1. Field of the Invention
The present invention relates to exhaust gas purifying apparatuses.
2. Discussion of the Background
Conventionally, a diesel particulate filter (DPF) of porous ceramic has been used for collecting particulate matter (PM) primarily of C (carbon) emitted from a diesel engine. With such a diesel particulate filter, there occurs gradual deposition of particulate matter with continual use thereof, and thus, it has been practiced in the art of exhaust gas purifying apparatus that uses a diesel particulate filter to remove the deposited particulate matter by causing a burning process inside the diesel particulate filter periodically and regenerate the diesel particulate filter.
It is preferable that such regeneration of the diesel particulate filter is conducted during the operation of the diesel engine, without replacing or dismounting the filter, and thus, it is practiced in the art to carry out fuel injection in the state that the piston is moving down in the cylinder following combustion to form a high temperature gas (post injection process). Thereby, the deposited particulate matter is burned with the high temperature gas thus formed.
FIG. 1 shows the overall construction of a conventional exhaust gas purifying system of a diesel engine equipped with a diesel particulate filter according to a related art of the present invention.
With the conventional exhaust gas purifying system explained with reference to FIG. 1, it should be noted that such regeneration of filter is conducted each time the vehicle has traveled a predetermined mileage such as 500 km, over the duration of 10 minutes, for example.
In the case the filter regeneration by way of post injection has been conducted impartially, the regeneration is carried out irrespective of actual amount of collection of the particulate matter in the filter. Thus, in order to ensure that there occurs no excessive deposition of the particulate matter in the filter, there is a need to set the interval of filter regeneration to be shorter than what is actually needed for the sake of safety.
On the other hand, there is a known construction of carrying out regeneration of the diesel particulate filter 12B by way of posit injection as shown in FIG. 3, in which a differential pressure ΔP is measured between the upstream side and downstream side of the diesel particulate filter 12B and the posit injection is carried out when the foregoing differential pressure ΔP has reached a predetermined value. Reference should be made to the U.S. Pat. No. 6,952,920.
Further, U.S. Pat. No. 5,651,248 describes the construction that uses, in addition to the diesel particulate filter, a detection filter and evaluates the amount of the particulate matter collected in the detection filter by measuring the electric resistance. According to this technology, the particulate matter collected by the diesel particulate filter and the particulate matter collected by the detection filter are subjected to burning by using a heater when the detected resistance has decreased below a predetermined value. With this, regeneration of filter is achieved.

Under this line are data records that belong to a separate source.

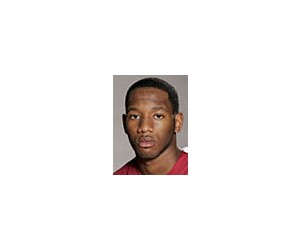 Devan Downey basketball player - PG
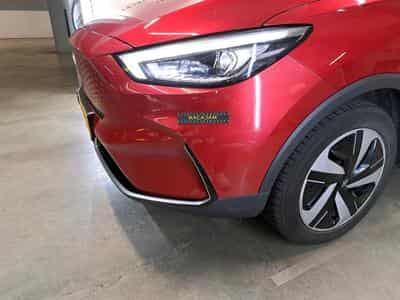 Mg ZS EV Luxury (2024) - Foto 10
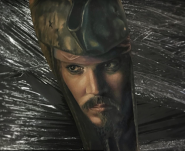 Karma Tattoo, тату салон фото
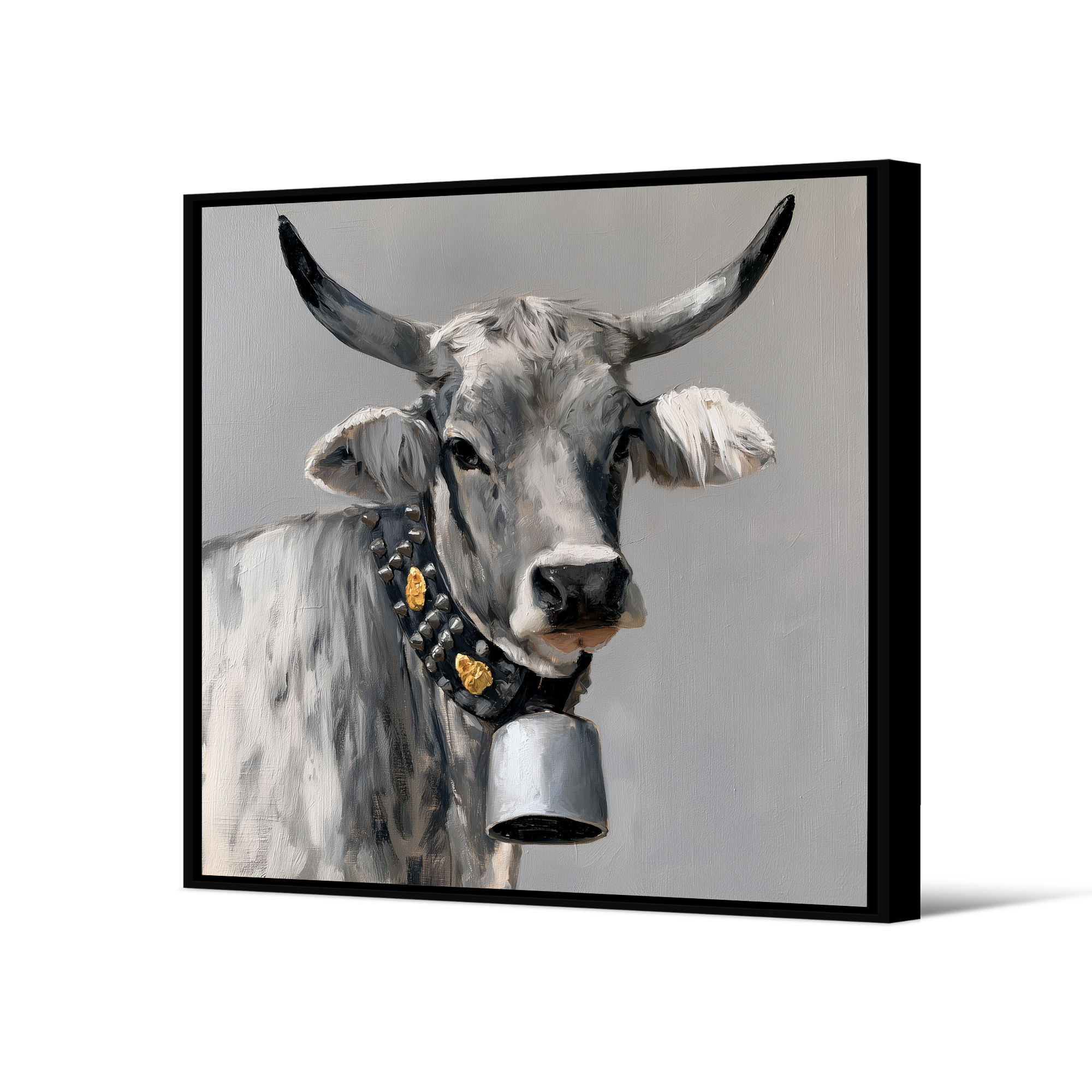 Tableau Ferdinand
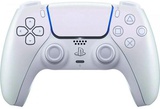 Sony DualSense Chroma Pearl (1000044446)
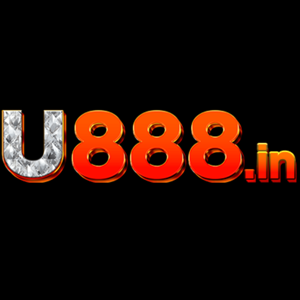 U888 Podcast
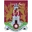 Northampton
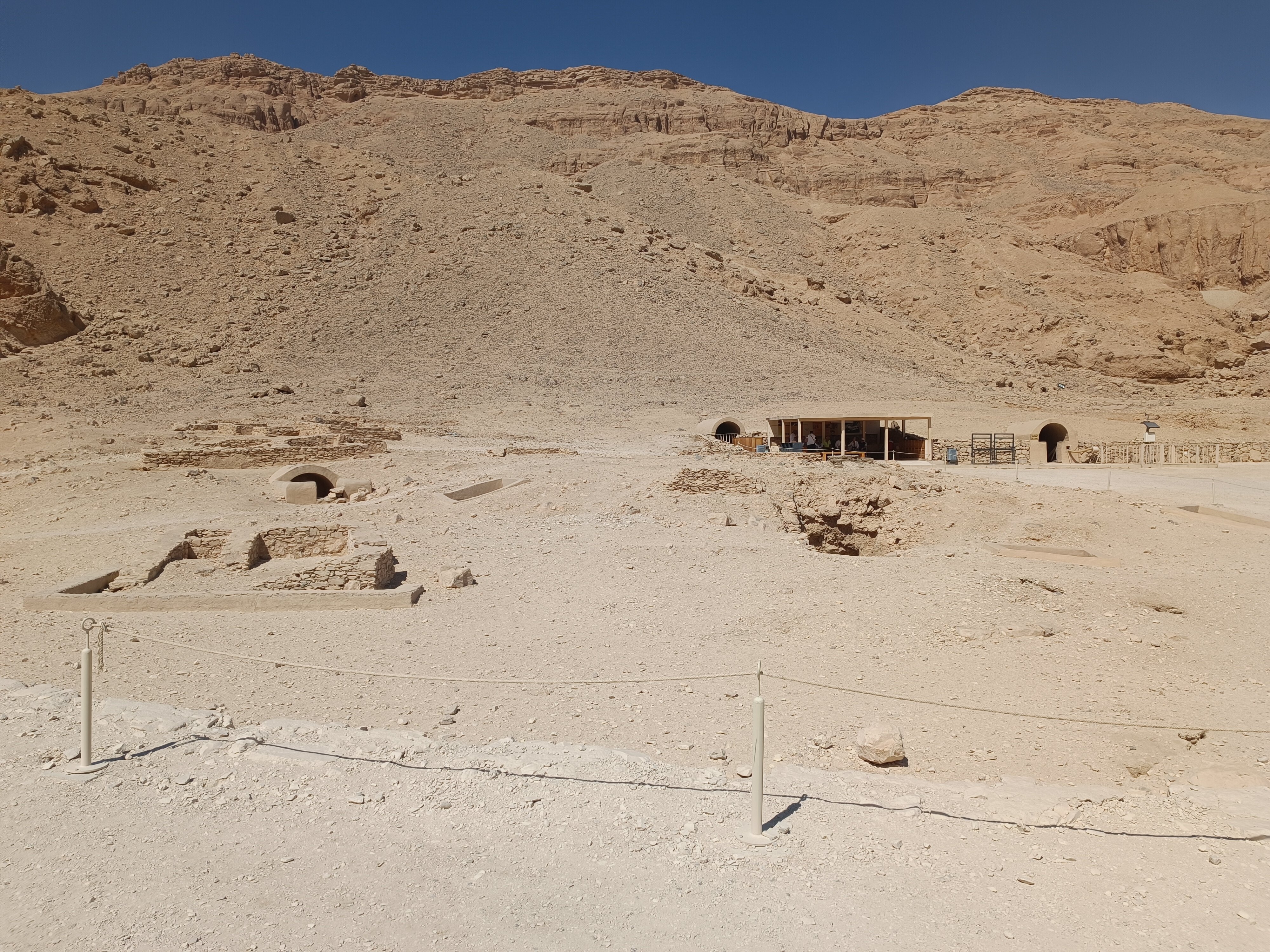 Фото Royal Star Empire Beach Resort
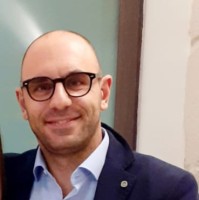 Giuseppe Ninivaggi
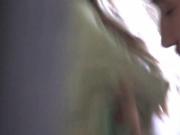 Wild teen bitch goes bad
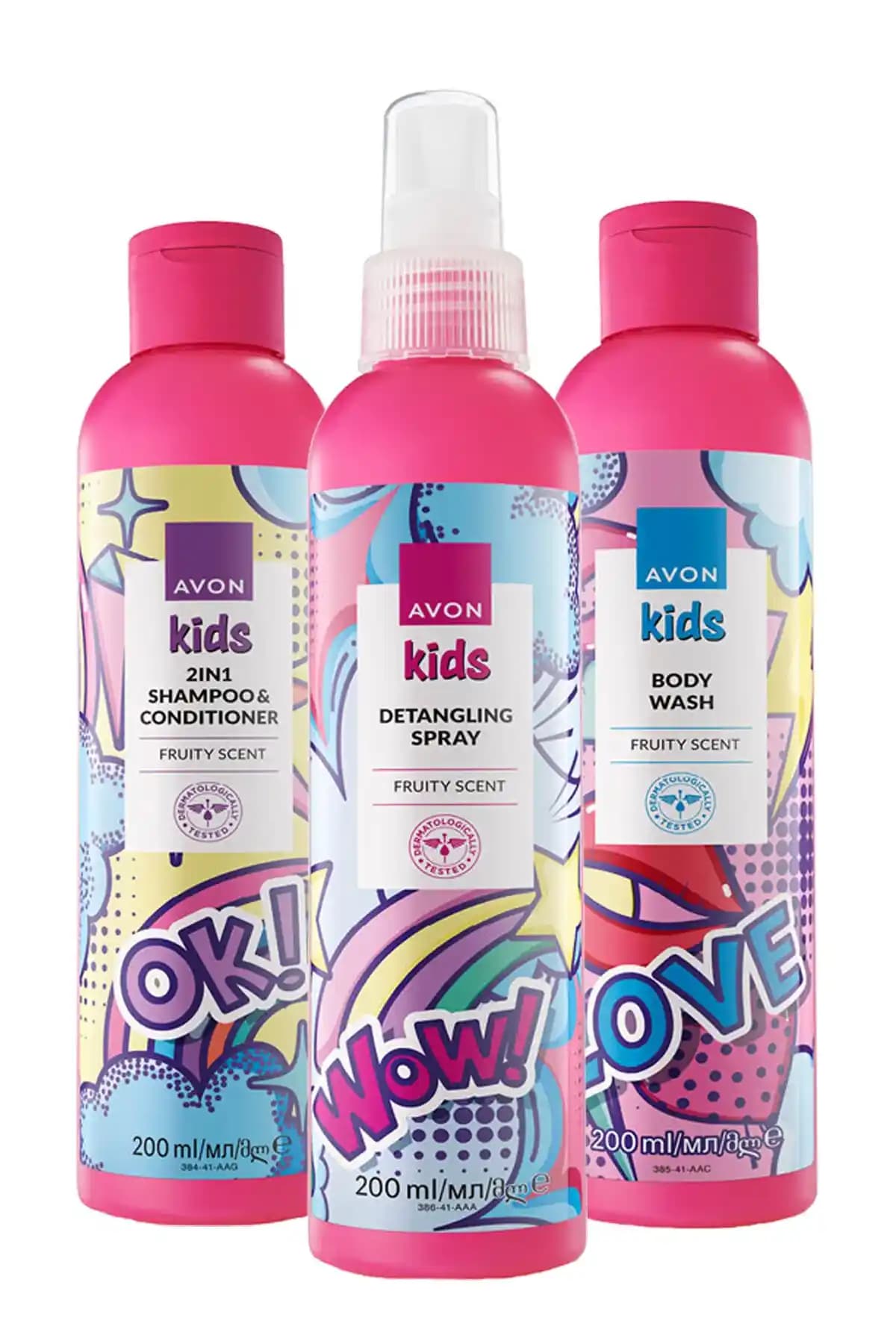 Kokulu Saç Şampuanlarındaki Güncel Trendler ve Doğal İçerik Seçenekleri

As shown in FIGS. 5A, 5B, and 5C, there can be a situation in which the thickness of the collected particulate matter changes in spite of the fact that the deposition amount thereof is the same. Now, when the thickness of the collected particulate matter is different, it becomes difficult to measure the electrical resistance precisely, and there tends to be caused error in the evaluation of the deposition amount.

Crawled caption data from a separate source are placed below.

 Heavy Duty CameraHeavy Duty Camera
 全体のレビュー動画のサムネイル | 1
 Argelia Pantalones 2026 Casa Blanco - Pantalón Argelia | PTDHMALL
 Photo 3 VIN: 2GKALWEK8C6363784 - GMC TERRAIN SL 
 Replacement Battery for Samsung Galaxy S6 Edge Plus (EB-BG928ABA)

Further, in the case there is caused a deposition of ash in the diesel particulate filter or detection filter after burning of the particulate matter, no precise measurement of electrical resistance is possible anymore and there tends to be caused a large error in the evaluation of the deposition amount.

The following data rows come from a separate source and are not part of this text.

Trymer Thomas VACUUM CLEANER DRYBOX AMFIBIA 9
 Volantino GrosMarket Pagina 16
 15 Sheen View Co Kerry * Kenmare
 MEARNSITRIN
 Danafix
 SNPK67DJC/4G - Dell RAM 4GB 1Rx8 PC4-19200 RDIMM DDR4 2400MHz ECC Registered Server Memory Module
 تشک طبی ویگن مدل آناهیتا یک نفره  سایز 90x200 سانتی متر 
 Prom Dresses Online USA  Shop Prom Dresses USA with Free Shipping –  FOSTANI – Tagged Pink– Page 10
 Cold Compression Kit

Further, with the use of the detection filter, there is caused degradation in the filter or electrode with time or with use in the ambient of exhaust gas. Particularly, the electrode (terminal formed of a conductive metal) is formed by infiltrating a metal such as Cu, Cr, Ni, or the like, and thus, there is a tendency of causing problems of physical degradation, oxidation degradation and thermal degradation, such as oxidation, adhesion of impurities, cracking, corrosion, and the like.
When there is caused degradation in the filter or electrode, it is no longer possible to carry out precise measurement of the electric resistance and error is tend to be caused in the evaluation of the deposition amount of the particulate matter.
The contents of U.S. Pat. Nos. 6,952,920 and 5,651,248 are incorporated herein by reference in their entirety.